Mgr Pierre Warin : “Je vous suis proche, ne soyez pas désemparés !”

Chers diocésains,

Les dernières mesures sanitaires annoncées par nos gouvernants en date du 5 mars n’ont pas dissipé vraiment les interrogations dont nous sommes porteurs et la profonde irritation qui parfois les accompagne.

Je relève en particulier le questionnement que voici. L’apport spécifique du culte et celui de la culture ont-ils été suffisamment reconnus ? Ne vit-on pas par trop dans l’oubli que l’ainsi dit « non-essentiel » est essentiel pour la santé de l’homme dans sa globalité ? Et nos évêques ne sont-ils pas quelque peu passifs ?

On saluera, dans la communication qui a suivi le Comité de concertation, l’élargissement à 50 personnes pour la célébration des obsèques, une mesure empreinte d’humanité. On se réjouira que des perspectives ont été avancées. Il était grand temps, alors que beaucoup sont fatigués par le confinement. Les cultes ont obtenu des ouvertures à partir du 1er avril et surtout à partir du 1er mai, ces dernières restant sous conditions.
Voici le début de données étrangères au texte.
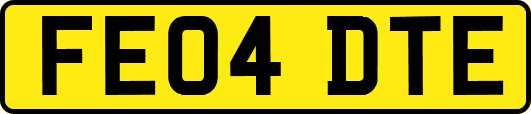 FE04DTE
Néanmoins il reste que, pour la deuxième année consécutive, nous allons célébrer la semaine sainte et la fête de Pâques, sommet de l’année liturgique, dans des conditions restrictives. Comment dès lors être satisfaits ? Personnellement, je ne le suis pas.

Avec bien des fidèles et des prêtres, j’ai été indigné par la déclaration de nos autorités civiles en date du 27 novembre. Il y a été fait état de la fête de Noël mais – rappelez-vous – sans mention aucune des cultes. Omission d’autant plus blessante que Noël compte énormément pour les gens et que les célébrations de la fête drainent quelque 600.000 personnes.

Évêques, autres acteurs pastoraux et fidèles, nous devons mettre tout en œuvre pour que les mesures limitatives soient levées aussitôt que possible. Mais dans l’attente, il convient, me semble-t-il, comme nous y invite le début du chapitre 13 de la lettre aux Romains, de faire confiance aux experts et aux politiques dont le rôle inédit est difficile. Il faut aussi recevoir les appels insistants des soignants et du monde médical invitant à la plus grande prudence et à la prévention d’une troisième vague, avec son cortège de contaminés développant parfois une forme sévère de la maladie et de décès creusant dans les familles un vide douloureux. Il appartient à l’Église aujourd’hui de participer pleinement à l’effort national contre la pandémie.

Entre-temps, douloureusement privés, acteurs pastoraux et baptisés, nous souffrons. Permettez-moi de vous inviter à ne pas être désemparés.

Ne soyons pas désemparés parce que notre société n’est plus guère chrétienne. Être chrétien dans une société qui ne l’est guère est une situation relativement traditionnelle dans l’histoire de l’Église.

Ne soyons pas désemparés par la crise sanitaire qui se prolonge. Gardons en mémoire ces fortes paroles de saint Paul : « Oui, j’en ai l’assurance : ni la mort ni la vie, ni les anges ni les dominations, ni le présent ni l’avenir, ni les puissances ni les forces des hauteurs ni celles des profondeurs, ni aucune autre créature, rien ne pourra nous séparer de l’amour de Dieu manifesté en Jésus Christ notre Seigneur » (Rm 8,38-39).

Ne soyons pas désemparés par une Église qui ploie et qui souffre. L’agonie et la Passion de Jésus ne peuvent pas ne pas marquer la vie de l’Église si l’Église est réellement le corps du Christ. Ayons la foi qu’à travers l’évènement pascal, l’Église est toujours en état de naissance.

Je vous suis proche, vous bénis et vous souhaite déjà une sainte fête de Pâques.